Jan. 18, 2011
CONTACT: K.E. Schwab
SRU professor receives Fulbright Scholar grant
SLIPPERY ROCK, Pa. - Christopher Kreiser, assistant professor of English at Slippery Rock University, has been awarded a Fulbright Scholar grant to lecture and offer consultation at the Universidad de Cartagena in Cartagena, Colombia, during spring semester.
The Fulbright Program is the flagship international educational exchange program sponsored by the U.S. government and is designed to increase mutual understanding. It is administered by the U.S. Department of State and is named for the late J. William Fulbright, a U.S. senator from Arkansas who long supported establishment of an international exchange program.

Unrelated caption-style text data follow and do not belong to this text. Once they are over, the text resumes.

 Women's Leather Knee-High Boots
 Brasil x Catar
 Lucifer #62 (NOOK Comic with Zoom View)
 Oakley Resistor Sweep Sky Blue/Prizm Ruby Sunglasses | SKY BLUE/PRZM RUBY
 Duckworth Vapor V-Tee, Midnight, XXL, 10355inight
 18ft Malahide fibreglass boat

Kreiser said Colombia recently initiated a national program to improve student understanding of English. He will be involved in that program at the University of Cartagena. “I will teach an upper-level undergraduate course in ‘Discourse Studies,’” he said. The Fulbright program requires participants to write a report and to deliver public lectures on their observations when they return.
“Colombia is undertaking a program that every graduating student be able to communicate in English, so that will certainly be part of my teaching along with work in helping develop a department of modern languages in English,” he said.

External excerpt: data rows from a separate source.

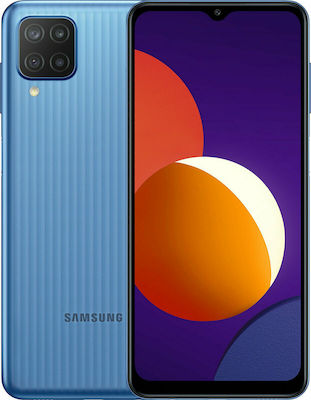 Samsung Galaxy M12 Dual SIM (4GB/128GB) Blue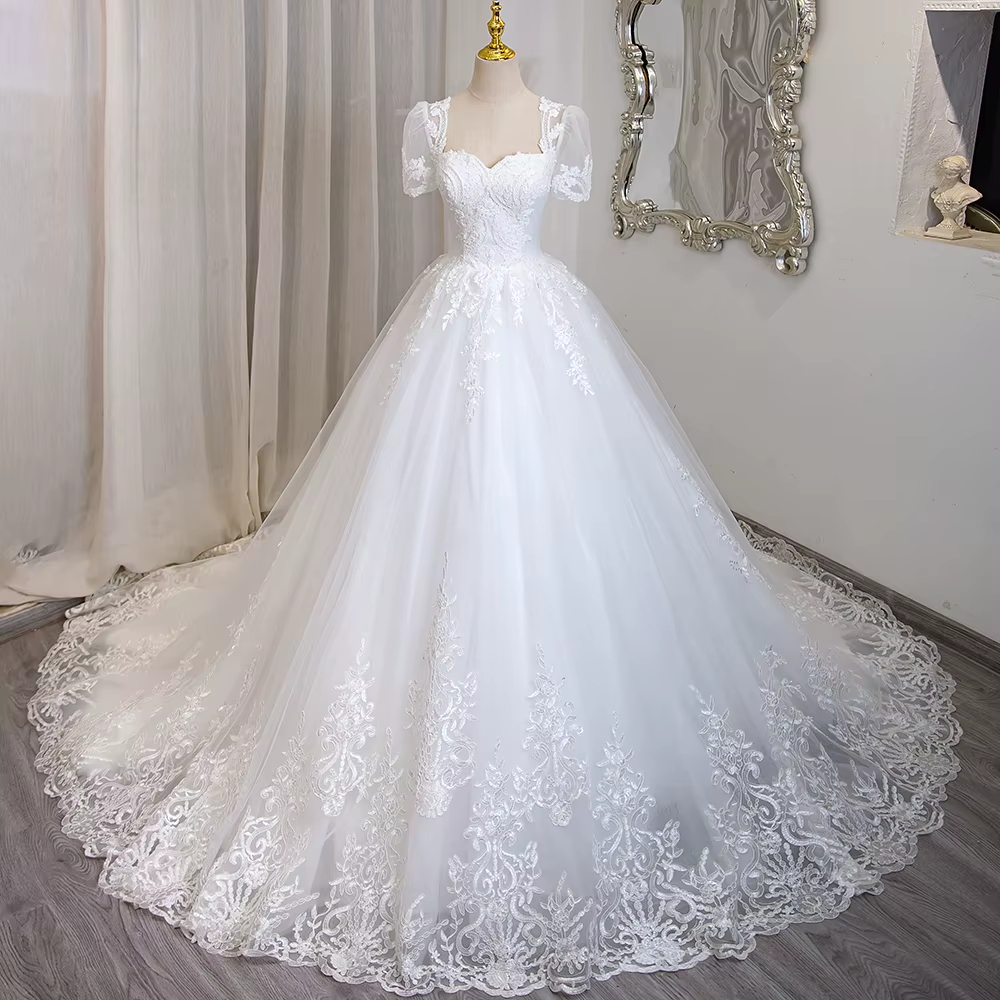 Vestido de Noiva Romantico - Comprar com Melhor Preço em Vestidos de Casamento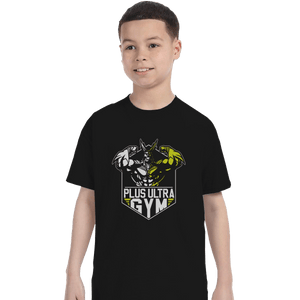 Shirts T-Shirts, Youth / XL / Black All Might Gym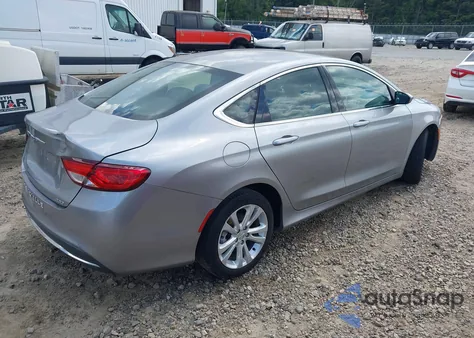 2015 Chrysler 200 Limited из США, поврежденный, VIN 1C3CCCAB4FN674481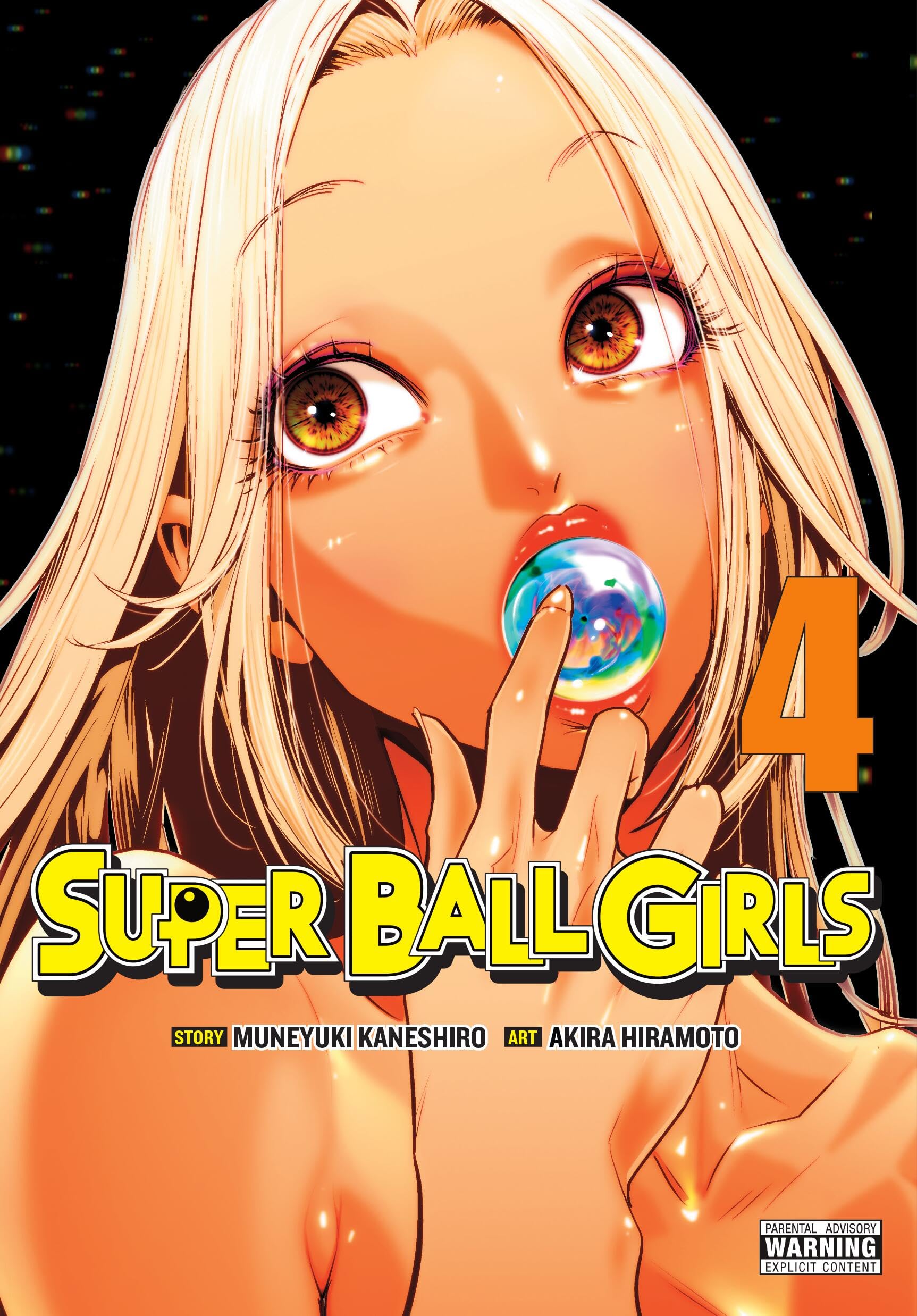Super Ball Girls, Vol. 4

Kreiser, who joined the SRU faculty in 2003, will also conduct independent research and offer curricular consultation within the Programa Nacionalde Bilingüismo initiative at Cartagena.
He is one of approximately 1,100 U.S. faculty and professionals who will travel abroad through the Fulbright U.S. Scholar Program in 2010-2011.

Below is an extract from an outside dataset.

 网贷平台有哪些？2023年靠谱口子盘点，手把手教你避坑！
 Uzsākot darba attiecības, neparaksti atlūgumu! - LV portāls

“The timing was perfect,” Kreiser said. “My wife, Melissa Teodoro, in the dance department, is doing research in Colombia during spring semester under a Pennsylvania State System of Higher Education grant, so we were able to rent an apartment and will be able to visit with family who live in Bogotá. We have an adopted daughter from Colombia and are in the process of adopting another, so they will have a chance to meet their extended family in Colombia.” Teodoro’s research will involve Afro-Colombia and carnival dance styles. She is an assistant professor of dance at SRU.